Na starość nie będziesz miała opieki
„Nie będzie miał ci kto szklanki wody podać” albo drastyczne „kto będzie ci zmieniał na starość pieluchy?”- tak, tak, i takie dosadne komentarze można spotkać. Rodzimy jeszcze dzieci czy już wyłącznie przyszłe pielęgniarki/ pielęgniarzy i opiekunów na naszą emeryturę? To chyba jeden z najgorszych powodów, dla których można zdecydować się na dzieci. Egoistyczne, wyrachowane i z pewnością do prokreacji nie namawia.
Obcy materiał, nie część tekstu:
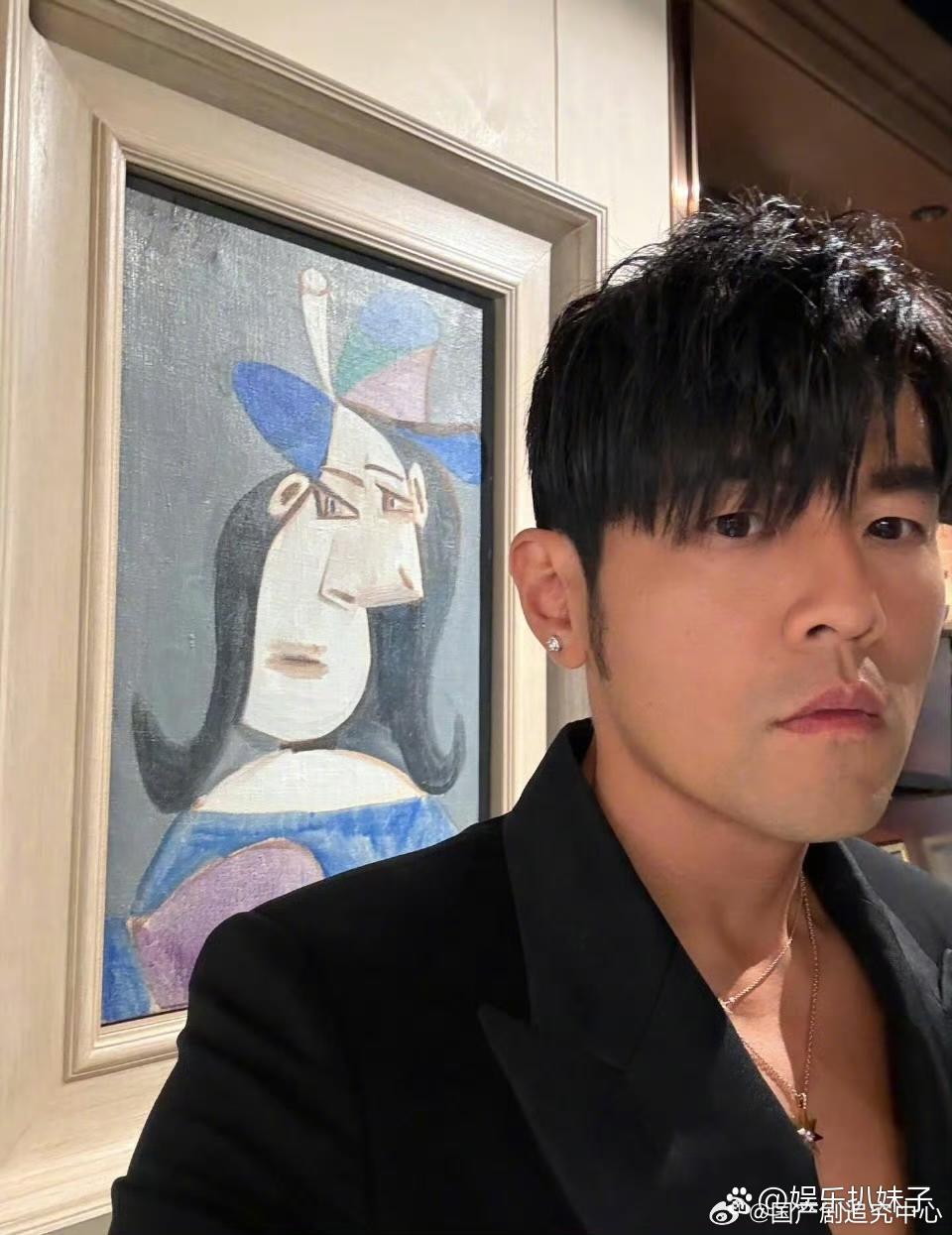 1.鹿晗刚分手的那段时间天天喝酒，喝多了就开始不受控制，超哥真随时把他守着。2.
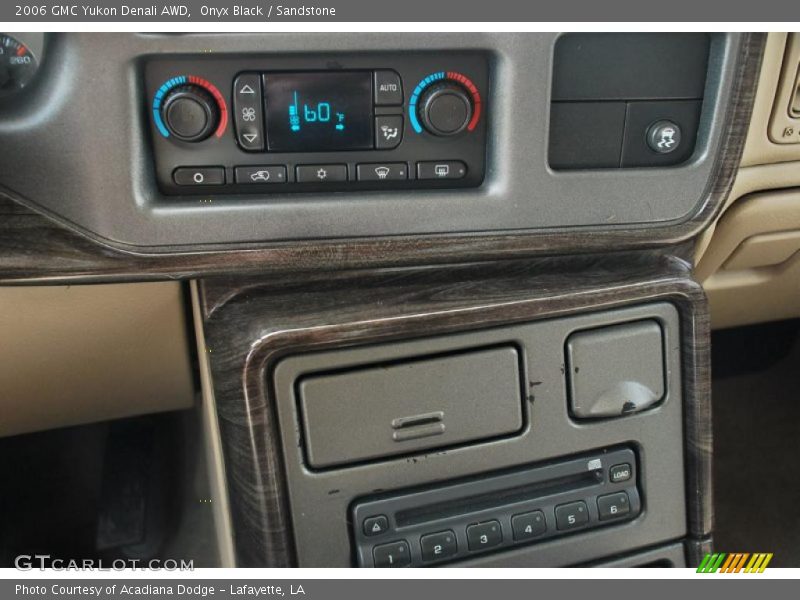 Onyx Black / Sandstone 2006 GMC Yukon Denali AWD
Wszyscy twoim znajomi już się zdecydowali
Basia ma już dwójkę, Kasia zaraz mieć będzie, Stefan z Haliną zaczęli starania, a MŁODSZA siostra już planuje – na co jeszcze czekać? Skoro wszyscy mają, to nie możesz być przecież gorsza, inna. Oj, ty buntowniczko i rewolucjonistko! Bo choć wiele się zmieniło, choć wiemy, że liczy się wyjątkowość, indywidualizm i unikatowość jednostki, to i tak nadal najważniejsi są dla nas inni i to, co ludzie powiedzą.
To wygoda i egoizm
Nie daj sobie wmówić, ze to prawda! Wygodnie jest zdecydować się na dziecko, żeby już przestali pytać, nie oceniali, nie krytykowali. Samolubne jest sprowadzanie na świat dziecka, bo inni już mają, bo mieć trzeba – no jak to nie mieć? Bo teściowie namawiają, a rodzice chcą wnuka, sąsiedzi krzywo patrzą, znajomi dopytują. Decyzja o braku dziecka nie świadczy o egoizmie, a o samoświadomości, mądrości i znajomości własnych potrzeb i uczuć.